◆ WHAT IS REQUIRED:
In the listing below, find the line with "Initialen-Halskette 925 Silber" and the line with "Luxury Crystal Storage". Repeat those two lines and all lines between them exactly.

◆ LISTED ENTRIES:
--- --- ---

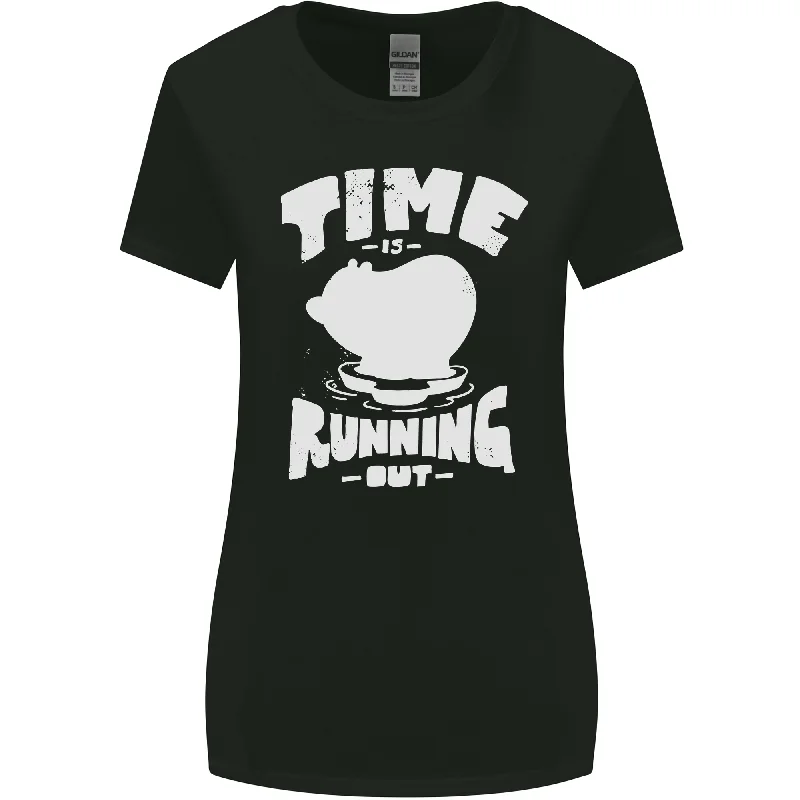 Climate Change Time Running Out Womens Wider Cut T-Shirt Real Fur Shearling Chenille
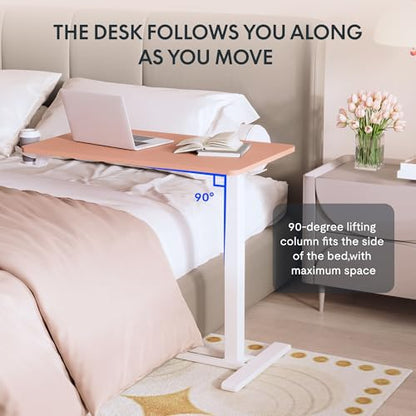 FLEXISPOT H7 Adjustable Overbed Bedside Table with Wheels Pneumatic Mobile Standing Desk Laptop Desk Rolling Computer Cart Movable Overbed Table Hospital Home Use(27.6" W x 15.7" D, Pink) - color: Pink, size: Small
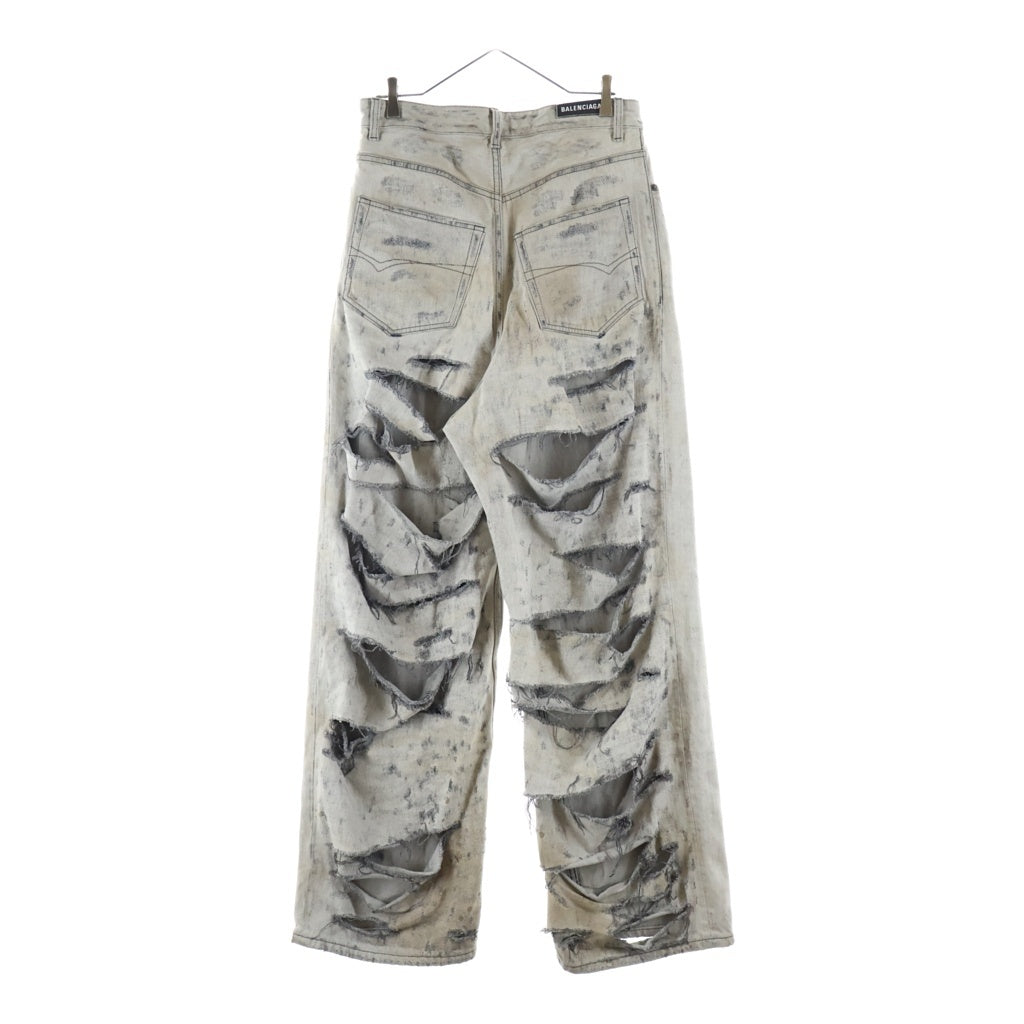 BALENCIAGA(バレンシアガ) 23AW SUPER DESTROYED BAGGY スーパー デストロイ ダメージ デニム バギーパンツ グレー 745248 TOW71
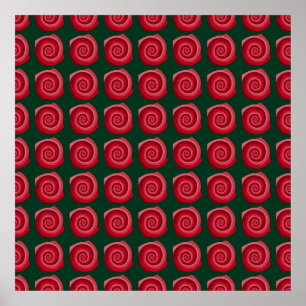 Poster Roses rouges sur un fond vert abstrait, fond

--- --- ---

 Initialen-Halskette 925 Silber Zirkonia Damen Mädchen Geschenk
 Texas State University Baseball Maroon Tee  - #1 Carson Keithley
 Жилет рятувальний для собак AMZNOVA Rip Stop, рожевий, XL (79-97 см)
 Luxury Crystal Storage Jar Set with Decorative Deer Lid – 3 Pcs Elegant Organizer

--- --- ---

◆ YOUR RESPONSE:
 Initialen-Halskette 925 Silber Zirkonia Damen Mädchen Geschenk
 Texas State University Baseball Maroon Tee  - #1 Carson Keithley
 Жилет рятувальний для собак AMZNOVA Rip Stop, рожевий, XL (79-97 см)
 Luxury Crystal Storage Jar Set with Decorative Deer Lid – 3 Pcs Elegant Organizer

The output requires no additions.